◆ **Your assignment**: Using the listing below, reproduce exactly the lines from the one with "A award winning" through the last, with all pictures left out.

◆ **Supplied information**:
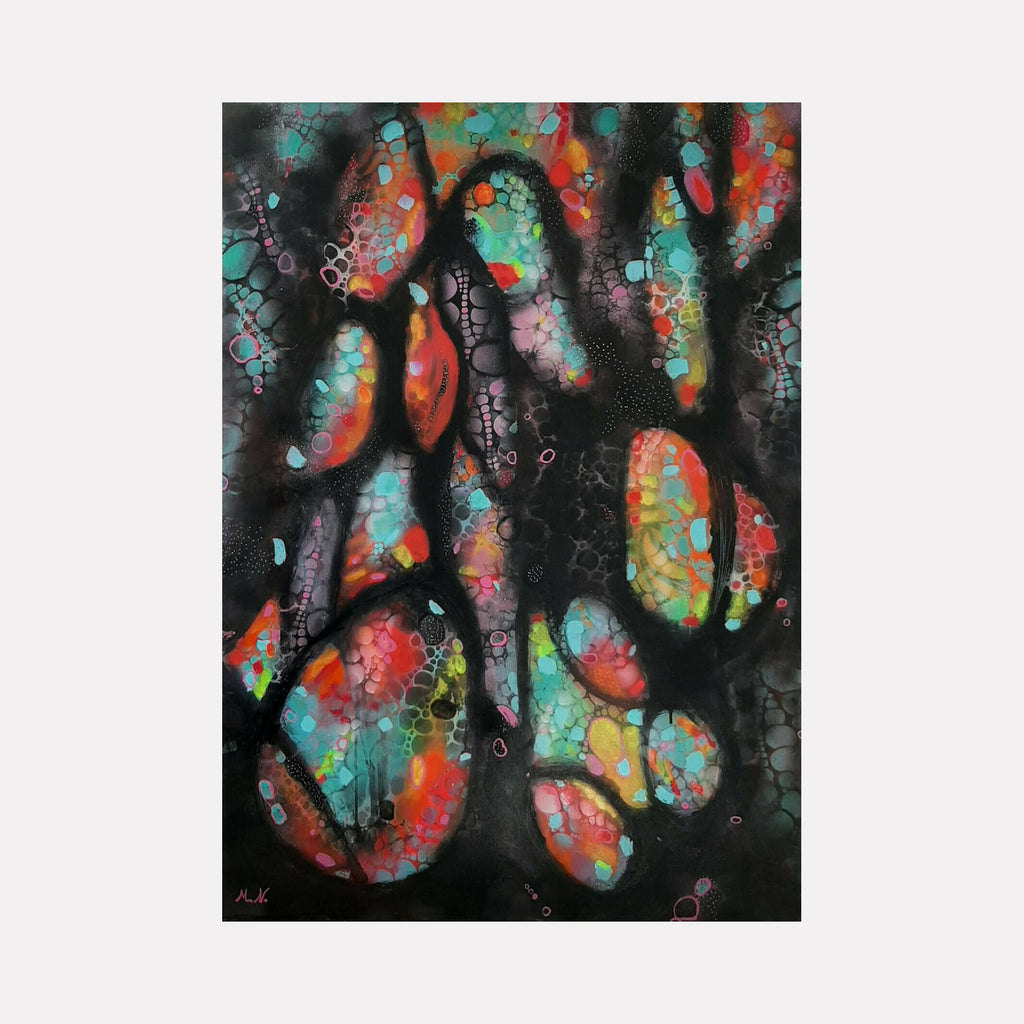 The artwork "Organic Mosaic" by Marta Nowicka features an abstract composition of interconnected, irregular shapes in vibrant hues of turquoise, orange, red, and yellow set against a deep black background. The textured, cellular patterns and layered colors evoke a dynamic organic feel, reminiscent of the biomorphic abstraction of Jean Arp and the vibrant palettes of Hilma af Klint.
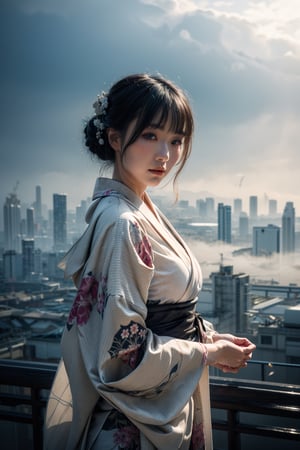 A award winning photography of a beautiful woman, she is wearing a elegant white kimono with insane detailed patterns, she posing on the side,  looking at far distance above, in the background the are mist surrounding the futuristic Japanese city, the time is midnight, futuristic building that contrasting with her kimono,High detailed,(dynamic pose), 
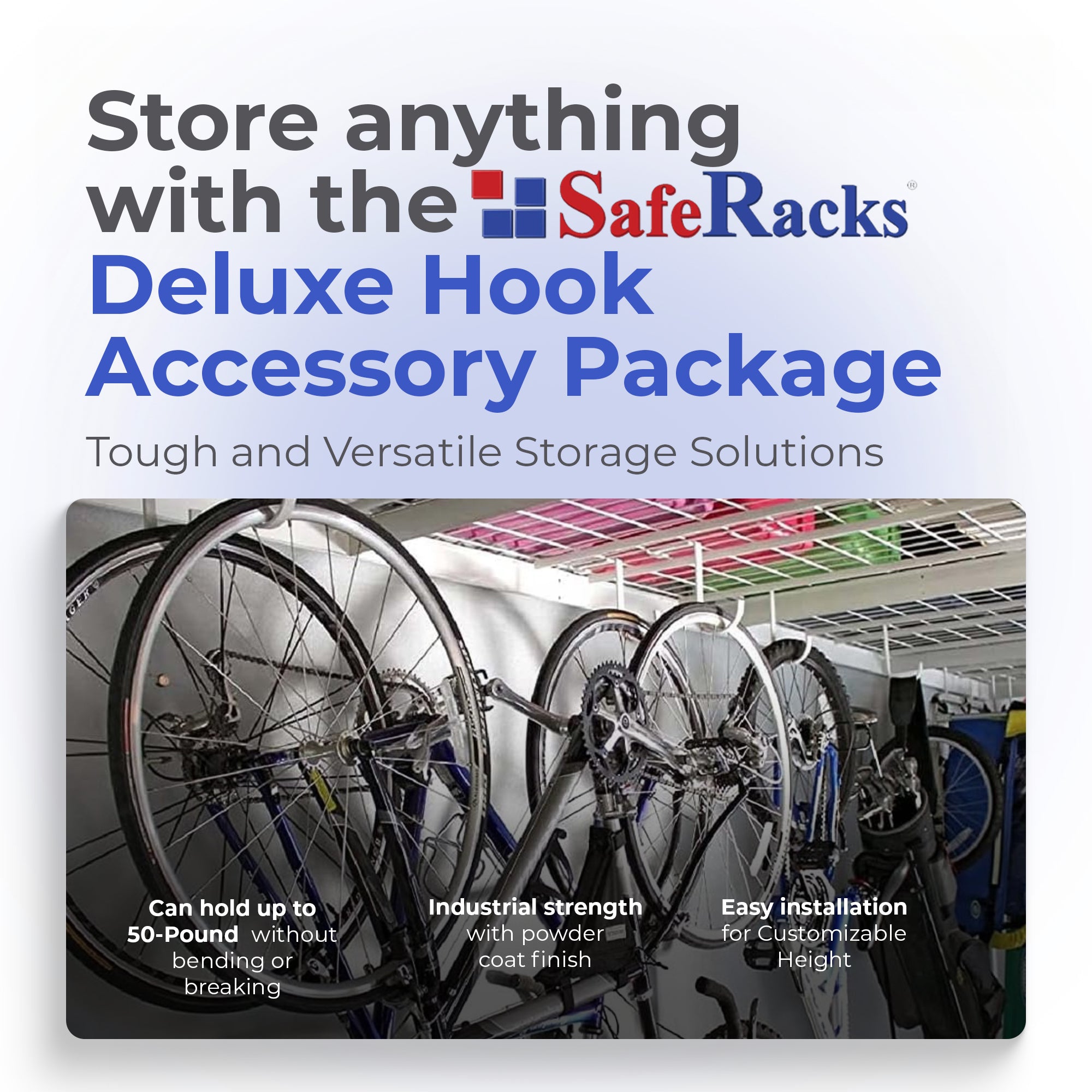 SafeRacks Hook Accessory Package for Storage & Organization,White,18pc(Open Box) - VMInnovations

◆ **Answer box**:
 A award winning photography of a beautiful woman, she is wearing a elegant white kimono with insane detailed patterns, she posing on the side,  looking at far distance above, in the background the are mist surrounding the futuristic Japanese city, the time is midnight, futuristic building that contrasting with her kimono,High detailed,(dynamic pose), 
 SafeRacks Hook Accessory Package for Storage & Organization,White,18pc(Open Box) - VMInnovations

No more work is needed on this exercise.